Liens against the Tampa Bay Times’ parent company now total more than $103 million, according to documents obtained by Florida Politics.
The Pension Benefit Guaranty Corp. filed its latest lien against the paper June 20 for $32.2 million.
The lien is placed “on all property and rights to property” because the Times “failed to make contributions to the pension plan required.”
The liens are intended to protect current and former Times employees who are entitled to pension benefits from the company.
In a statement, the Times said the lien will not affect pension benefits.
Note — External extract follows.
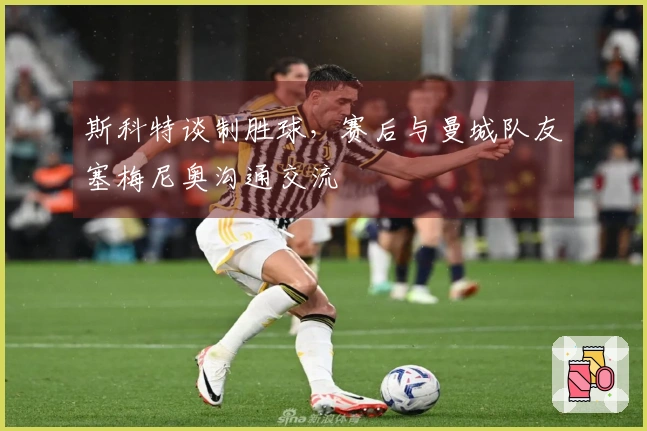 斯科特谈制胜球，赛后与曼城队友塞梅尼奥沟通交流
“Like many employers, there is a gap between the assets and the calculation of what the payments might ultimately be. These liens are how the government protects its position. That said, we are making regular contributions to our pension plan, and it keeps paying every dollar due to our retirees,” Times spokeswoman Sherri Day wrote.
Six other liens have been filed by the PBGC on Times assets since 2015. None of those liens have expired, according to public filings in Pinellas County.
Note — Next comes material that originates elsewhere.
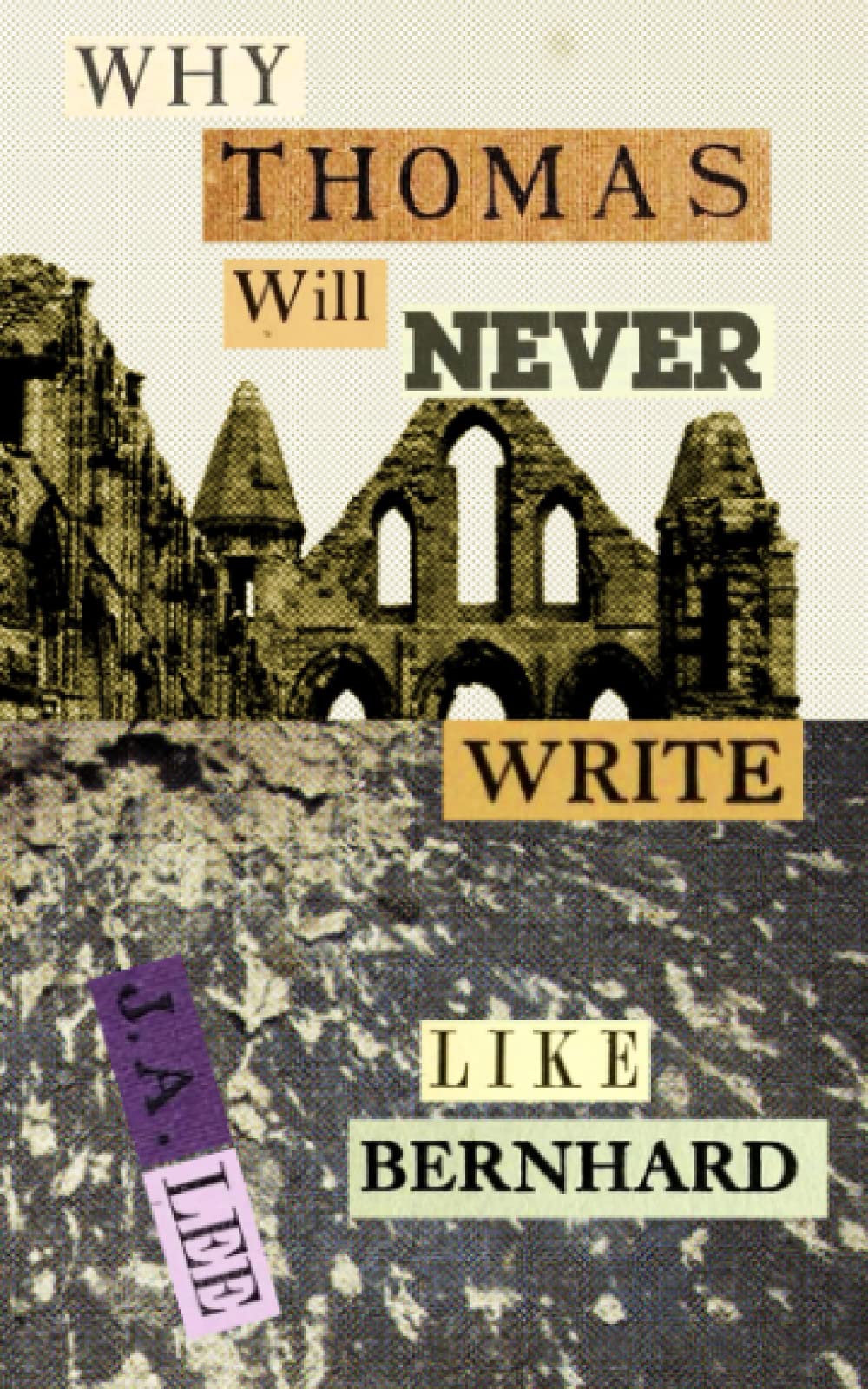 Why Thomas Will Never Write Like Bernhard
The latest lien signals continued financial trouble for the local paper.
Two years ago, a group of investors including Tampa Bay Lightning owner Jeff Vinik, philanthropists Frank Morsani and Kiran Patel and their wives, developer Ted Couch and Washington Redskins part-owner Robert Rothman, BluePearl CEO Darryl Shaw, Times CEO Paul Tash and one other who has not been identified, put up $12 million under the the name FBN Partners to help the paper stay afloat.
FBN stands for “Florida’s Best Newspaper,” one of the Times’ slogans.
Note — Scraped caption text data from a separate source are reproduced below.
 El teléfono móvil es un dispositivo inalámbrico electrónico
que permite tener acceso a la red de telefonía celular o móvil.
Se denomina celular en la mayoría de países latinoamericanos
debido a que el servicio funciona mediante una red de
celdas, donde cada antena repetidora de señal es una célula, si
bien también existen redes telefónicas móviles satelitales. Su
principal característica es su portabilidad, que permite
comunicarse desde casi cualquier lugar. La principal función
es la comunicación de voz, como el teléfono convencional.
The $12 million loan placed a mortgage on 27 acres and the buildings on it at the Times’ printing facilities in St. Pete.
Last year, the widow of Nelson Poynter who controls a trust that loaned the Times more than $9 million sued the paper for defaulting on that loan, which at the time still had a nearly $8 million balance.
Poynter created the present-day structure that maintains the Times’ independence and protects it from being acquired by large, for-profit media groups, a fate many newspapers nationwide have suffered.